S suggested using beeswax on my fingertips to help with the needles slipping out of the stitches. For my part, I have been trying to ply the needle between my fingers at a lower area instead of at the tip, and pushing the cord against my body to bump the needle back up when it starts slipping. What I can say is not to try and hold the tip of the needle when things start slipping…it will make things worse, especially if your fingers are oily or sweaty.

Anyhow. I was using the (self-striping) Bamboo & Ewe to practice with, but I don’t have enough of that dye lot to really make a scarf or shawl with, unless I’m okay with a skimpy narrow scarf…and for what that cost me (around $7 a ball), I might as well go to a local yarn store. I mean, seriously, you don’t get that much per ball (240m), so I’m looking at at least $28 there, and if I’m spending that kind of money, I have a lot more options than the upscale yarn at the craft store.

For this project, in my naivete, I bought two hanks of pink laceweight Misti Alpaca (100% baby alpaca wool). I tried casting on with this material the other night, and found that I was again casting on way too tightly, even though I was practicing on 3.25mm needles and attempting to hold the yarn more loosely. I could cast on (I was using the long-tail method throughout all of these attempts, which may be contributing to this), but I couldn’t get my needle through the first loop. It was kind of like trying to thread a needle with a sledgehammer.

This stuff is two-ply; S said that it’s the type of material wedding-ring shawls are made out of. Luckily, I bought two hanks, though; so it is feasible to hold two strands as one and cast on that way (which I tried the other night and ripped out very quickly to avoid kinking the yarn); I do have 400m of each. When I do this, though, my gauge is slightly wider than it was with the Bamboo & Ewe.

I’m not certain how wide to make it if I want it to be a headscarf…or how far 400m will last me at given multiples. I do think I’ll be doing 4-6 repeats of base 4, but I’ve got to look at my other scarves to see how wide they are (as, for example, I already know that I can put one of my silk scarves over my hair, so I just have to compare widths to see how wide this one needs to be if I want to do that).

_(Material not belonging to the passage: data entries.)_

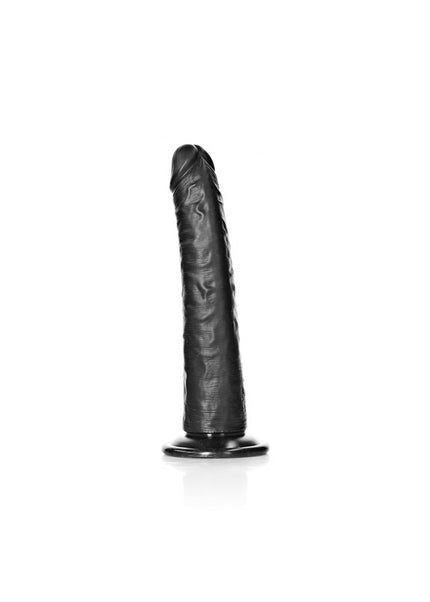 REALROCK Realistic Slim Dildo with Suction Cup - 20.5cm - Black 20.5 cm (8'') Dong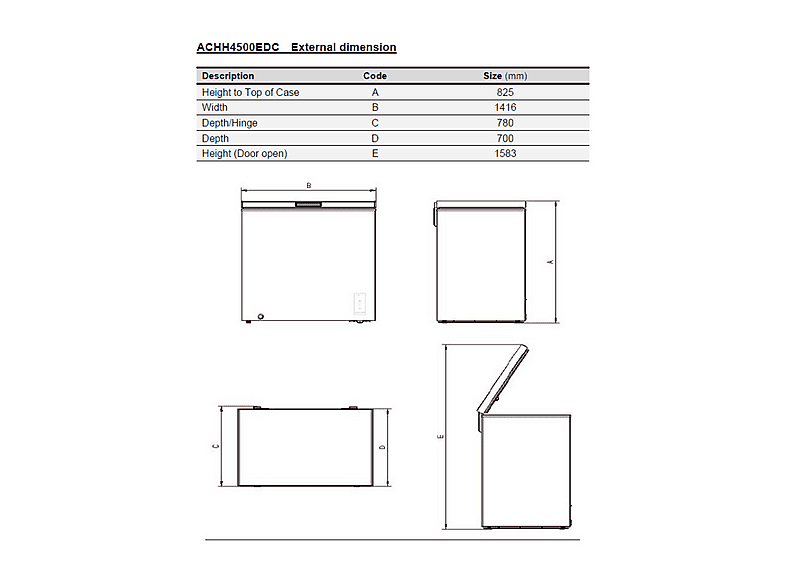 Congelador horizontal ASPES con 418 l en color Blanco — foto 7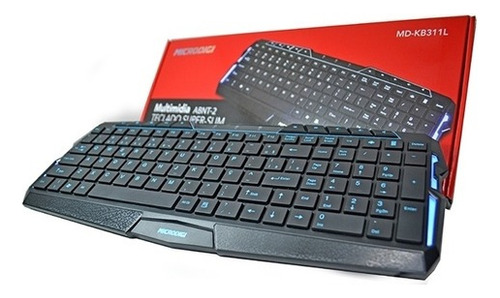 Teclado Usb Com Bordas Iluminadas Md-kb311l Cor de teclado Preto Idioma Português Brasil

I’m not sure if I should take my current project off of my 5mm needles and see what this looks like knitted with them…there are a lot of yarn-overs in this pattern, and I don’t want gigantic holes in the scarf. At the same time, it’s looking pretty dense when knitted at 3.25mm. I suppose I could try 4mm…there are some needles here at that size.

I’m wondering if doing a knitted-on cast on will help things where gauge is concerned. I suppose I could try it, if the long-tail cast on is giving me problems (even though it’s supposed to have a lot of give and spring?).

Oh! — one more thing. When I cast on with the double-stranded Misti Alpaca — I found that I really have to be consistent with my tension, because anything that is a little looser or a little tighter will show by row 6, and it isn’t pretty.

Ah, I guess I was on here too long, anyway. :) Hee. I haven’t been online for a while, so I suppose that’s just what happens…

fiber arts

progress…sometimes you can’t see it, but there is progress…

It’s amazing how when I’ve followed pattern instructions, the resulting fabric turns out nearly exactly like the photographs.  That likely won’t be the case all the time, from what I’ve read.  Or maybe it will, and the photos are at a bad angle.

Have I just been lucky?  (Or unlucky, if I thought it would turn out better than the photo?  Or if the photo didn’t really show how poorly insulating the final product would be?)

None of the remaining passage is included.